KLVM
- Santa Cruz, California; United States;
- Broadcast area: Central Coast of California
- Frequency: 88.9 MHz (HD Radio)

Programming
- Format: Contemporary Christian music
- Subchannels: HD2: K-Love Eras; HD3: Radio Nueva Vida; HD4: KAMB simulcast;
- Network: K-Love

Ownership
- Owner: Educational Media Foundation

History
- First air date: 1972
- Former call signs: KUSP (1972–2018)
- Former frequencies: 89.1 MHz (1972–1974)
- Call sign meaning: "K-Love Monterey"

Technical information
- Licensing authority: FCC
- Facility ID: 51718
- Class: B
- ERP: 1,250 watts
- HAAT: 761 meters (2,497 ft)
- Translators: 89.1 K206BQ (Hollister); HD3: 93.5 K228FD (Monterey); HD4: 96.3 K242AT (Salinas, Etc.);

Links
- Public license information: Public file; LMS;
- Webcast: Listen Live Listen Live (HD2)
- Website: klove.com nuevavida.com (HD3)

= KLVM (FM) =

K-Love radio station in Santa Cruz, California

KLVM (88.9 MHz) is an FM radio station broadcasting a Contemporary Christian music format. Licensed to Santa Cruz, California, United States, the station is an affiliate of the K-LOVE Christian music radio network and is owned by Educational Media Foundation. The signal covers much of California's Central Coast.

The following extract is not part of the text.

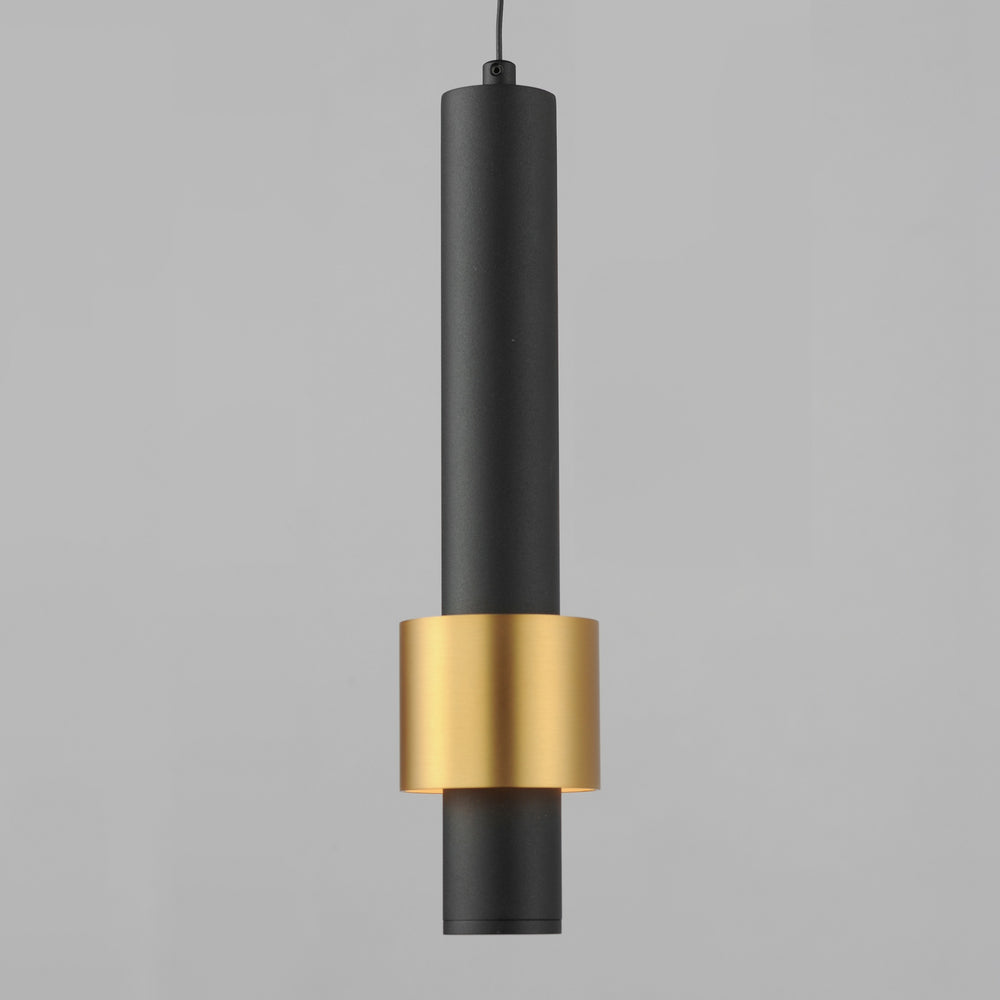 Reveal 1-Light LED Pendant by Studio M Lighting – lifestyle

==Pataphysical Broadcasting Foundation, 1972==
David Freedman and Lorenzo Milam started KUSP, as Pataphysical Broadcasting Foundation, Inc. on 89.1 MHz in 1972, broadcasting from downtown Santa Cruz. In May 1974, it moved the transmitter to the much higher Mt. Toro, increased power from 10 watts to 1,250 watts ERP and changed frequency from 89.1 to 88.9 MHz.

It broadcast music, and programs of local interest and later added programs from NPR. On November 1, 2015, the format changed to an adult album alternative, with a few news and information programs.

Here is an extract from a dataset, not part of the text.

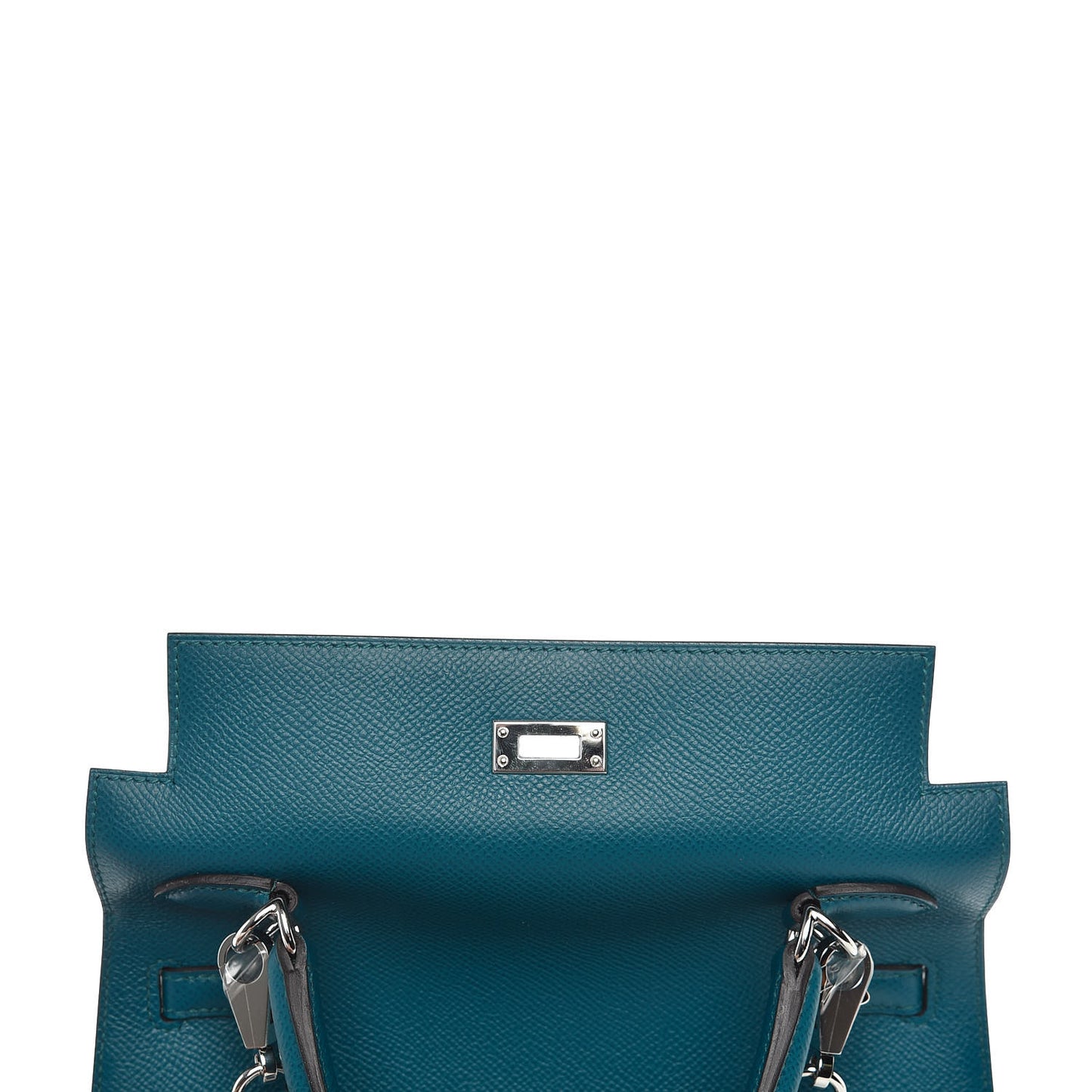 Epsom Kelly Sellier 25 Vert Bosphore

On August 1, 2016, KUSP ceased programming and on August 12 declared bankruptcy.

==Educational Media Foundation, 2016==
On December 19, 2016, the Educational Media Foundation filed an application with the FCC to purchase the license for $605,000. The application was granted on February 6, 2017, and the purchase was consummated on March 16, 2017.

Educational Media Foundation resumed the operation of KUSP on April 5, 2017. On April 5, 2017, it filed applications with the FCC to sell the licenses of the K207CN, K217EK and K237EV translators to California State University, Monterey Bay (owner of KAZU) for $5,000. The applications were consummated on June 30, 2017, and July 7, 2017.

On April 21, 2017, KUSP was granted a Federal Communications Commission construction permit to move the transmitter site of translator K206BQ .708 miles to Fremont Peak and decrease the effective radiated power from 200 watts to 150 watts. The station changed its call sign to KLVM on January 22, 2018. KLVM broadcasts 1 HD subchannel on 88.9 HD2 airing the K-Love Classics format.